* _Task brief_
What you submit must be an exact copy of the listing below, with no images in it.

* _Data below_
_ _ _ _
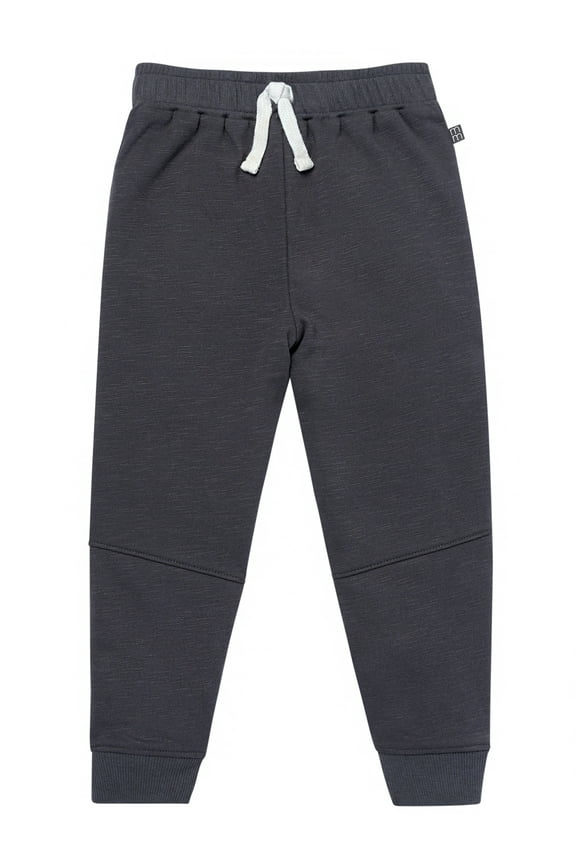 by Gerber Toddler Boy Organic Seamed Sweatpant, Sizes 12 Months - 5T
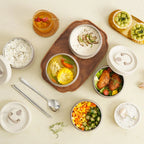 Insulated Lunch Box | Stainless Steel & Stackable
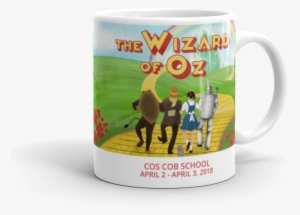 Wizard Of Oz Mug - The Wizard Of Oz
_ _ _ _
* _Solution to the exercise_
 by Gerber Toddler Boy Organic Seamed Sweatpant, Sizes 12 Months - 5T
 Insulated Lunch Box | Stainless Steel & Stackable
 Wizard Of Oz Mug - The Wizard Of Oz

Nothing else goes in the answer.